Deutsch-türkische Beziehungen: Armeeangehörige beantragen Asyl
Rund 40 meist ranghöhere Soldaten sollen in Deutschland Asyl suchen, melden Spiegel und SWR. In der Türkei würden vielen als vermeintlichen Putschisten Haft drohen.
Der Zeitpunkt der Veröffentlichung ist heikel, da Kanzlerin Angela Merkel (CDU) am Donnerstag – einen Tag vor dem EU-Gipfel auf Malta – zu politischen Gesprächen in die Türkei reist.
„Es gibt keinen Zweifel, dass wir diese Soldaten nicht in die Türkei zurückschicken können“, zitiert der Spiegel den CSU-Innenpolitiker Stephan Mayer. „Sie würden dort sofort im Gefängnis landen.“ Der Vorsitzende des Auswärtigen Ausschusses, Norbert Röttgen, sagte: „Das Asylverfahren ist rein rechtlich, politische Erwägungen dürfen dabei keine Rolle spielen und werden es auch nicht.“
Der griechische Verteidigungsminiter Panos Kammenos geht davon aus, dass die Zahl der türkischen Offiziere, die in Europa Asyl beantragt haben, noch viel höher ist. „Es sind mehr als 400 (türkische) Offiziere, die Asyl beantragt haben“, sagte er dem griechischen Sender Skai am Samstag.

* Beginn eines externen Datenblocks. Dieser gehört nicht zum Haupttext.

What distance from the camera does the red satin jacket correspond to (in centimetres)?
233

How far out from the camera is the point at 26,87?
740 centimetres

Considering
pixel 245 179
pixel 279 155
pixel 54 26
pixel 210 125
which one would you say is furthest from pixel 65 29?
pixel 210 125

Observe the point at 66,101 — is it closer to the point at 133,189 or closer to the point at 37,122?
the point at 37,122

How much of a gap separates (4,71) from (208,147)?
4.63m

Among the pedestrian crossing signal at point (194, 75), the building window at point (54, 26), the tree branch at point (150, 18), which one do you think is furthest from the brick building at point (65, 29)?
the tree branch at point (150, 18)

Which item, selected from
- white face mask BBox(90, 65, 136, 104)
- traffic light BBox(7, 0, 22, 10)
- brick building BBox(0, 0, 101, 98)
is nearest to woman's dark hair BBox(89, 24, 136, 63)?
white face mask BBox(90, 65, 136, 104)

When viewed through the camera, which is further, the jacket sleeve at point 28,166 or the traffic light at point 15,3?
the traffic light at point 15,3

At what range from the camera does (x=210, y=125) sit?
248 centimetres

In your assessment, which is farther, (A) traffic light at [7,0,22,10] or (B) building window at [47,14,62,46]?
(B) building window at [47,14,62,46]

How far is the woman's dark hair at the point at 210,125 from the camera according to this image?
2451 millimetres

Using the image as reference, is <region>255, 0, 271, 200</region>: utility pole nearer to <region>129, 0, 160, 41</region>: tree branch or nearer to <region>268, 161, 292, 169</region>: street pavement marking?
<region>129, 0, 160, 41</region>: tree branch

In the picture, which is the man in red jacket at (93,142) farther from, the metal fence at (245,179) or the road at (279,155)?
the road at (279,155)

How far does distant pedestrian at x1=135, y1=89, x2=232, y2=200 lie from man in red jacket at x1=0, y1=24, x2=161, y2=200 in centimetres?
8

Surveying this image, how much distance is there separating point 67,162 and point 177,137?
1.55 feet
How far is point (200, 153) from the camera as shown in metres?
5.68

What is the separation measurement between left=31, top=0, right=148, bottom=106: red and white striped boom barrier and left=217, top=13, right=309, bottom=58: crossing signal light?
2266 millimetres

Das habe er aus Nato-Kreisen in Brüssel erfahren.
Türkischer Streit mit Griechenland
Die türkische Regierung drohte dem Nachbarn Griechenland bereits mit Konsequenzen, nachdem der oberste griechische Gerichtshof am Donnerstag die Auslieferung von acht türkischer Militärs verweigert hatte. Sie waren im Juli 2016 während des Putschversuchs in der Türkei per Hubschrauber nach Griechenland geflohen und hatten dort Asyl beantragt.

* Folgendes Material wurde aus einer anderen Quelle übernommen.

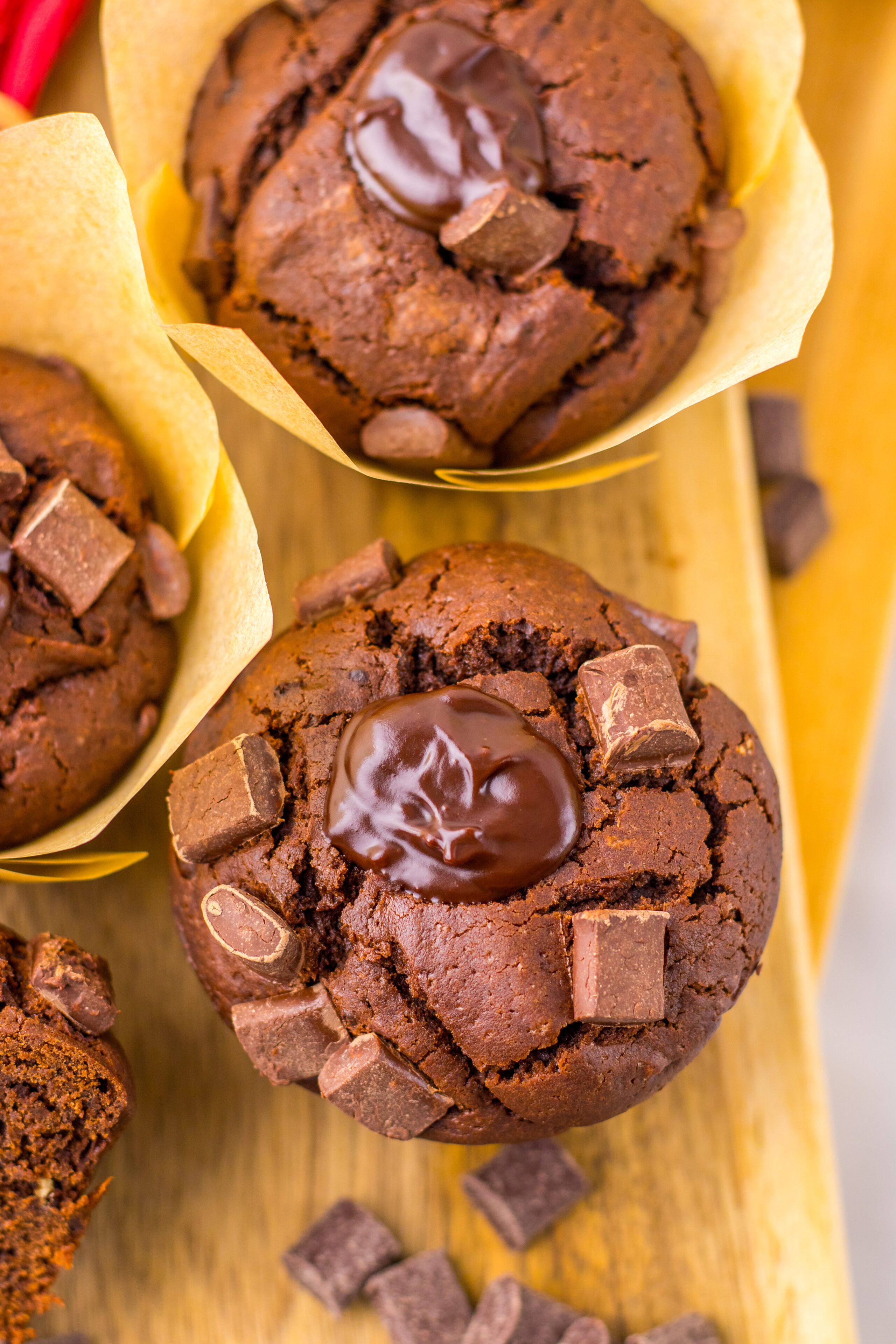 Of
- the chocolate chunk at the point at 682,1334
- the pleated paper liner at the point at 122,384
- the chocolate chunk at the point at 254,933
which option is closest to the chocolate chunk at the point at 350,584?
the pleated paper liner at the point at 122,384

Ankara stuft die Militärs als Putschisten ein und will das Gerichtsurteil nicht hinnehmen. Neben dem Flüchtlingspakt mit der EU habe die Türkei auch ein bilaterales Rücknahmeabkommen mit Griechenland, das nun beendet werde, zitierte der türkische Staatssender TRT am Freitag Außenminister Mevlüt Cavusoglu.

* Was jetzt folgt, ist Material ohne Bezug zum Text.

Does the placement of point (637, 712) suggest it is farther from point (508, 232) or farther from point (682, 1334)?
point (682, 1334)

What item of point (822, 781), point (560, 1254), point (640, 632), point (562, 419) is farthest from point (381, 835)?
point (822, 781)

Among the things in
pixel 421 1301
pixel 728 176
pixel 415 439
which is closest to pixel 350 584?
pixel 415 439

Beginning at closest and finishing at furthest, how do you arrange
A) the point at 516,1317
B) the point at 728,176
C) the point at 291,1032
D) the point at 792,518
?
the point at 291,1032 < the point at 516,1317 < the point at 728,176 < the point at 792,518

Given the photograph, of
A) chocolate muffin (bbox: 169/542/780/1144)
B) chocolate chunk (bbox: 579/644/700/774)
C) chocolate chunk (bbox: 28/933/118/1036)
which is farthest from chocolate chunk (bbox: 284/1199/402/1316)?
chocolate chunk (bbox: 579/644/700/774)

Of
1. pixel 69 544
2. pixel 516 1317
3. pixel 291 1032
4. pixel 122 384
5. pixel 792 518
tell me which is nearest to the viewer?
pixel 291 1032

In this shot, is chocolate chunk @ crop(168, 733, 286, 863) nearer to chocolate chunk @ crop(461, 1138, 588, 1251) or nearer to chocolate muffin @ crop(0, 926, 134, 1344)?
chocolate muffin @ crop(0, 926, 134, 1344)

Zwei der Offiziere beteuerten im Spiegel und im „Report Mainz“, sie hätten mit dem Putschversuch nichts zu tun. In der Türkei drohe ihnen dennoch die Verhaftung und womöglich Folter. Einer wird mit den Worten zitiert: „Wir stehen vor dem Nichts.“ Die Soldaten beschuldigen demnach Präsident Recep Tayyip Erdoğan, prowestliche und säkulare Haltungen von Türken im Militär systematisch abzustrafen.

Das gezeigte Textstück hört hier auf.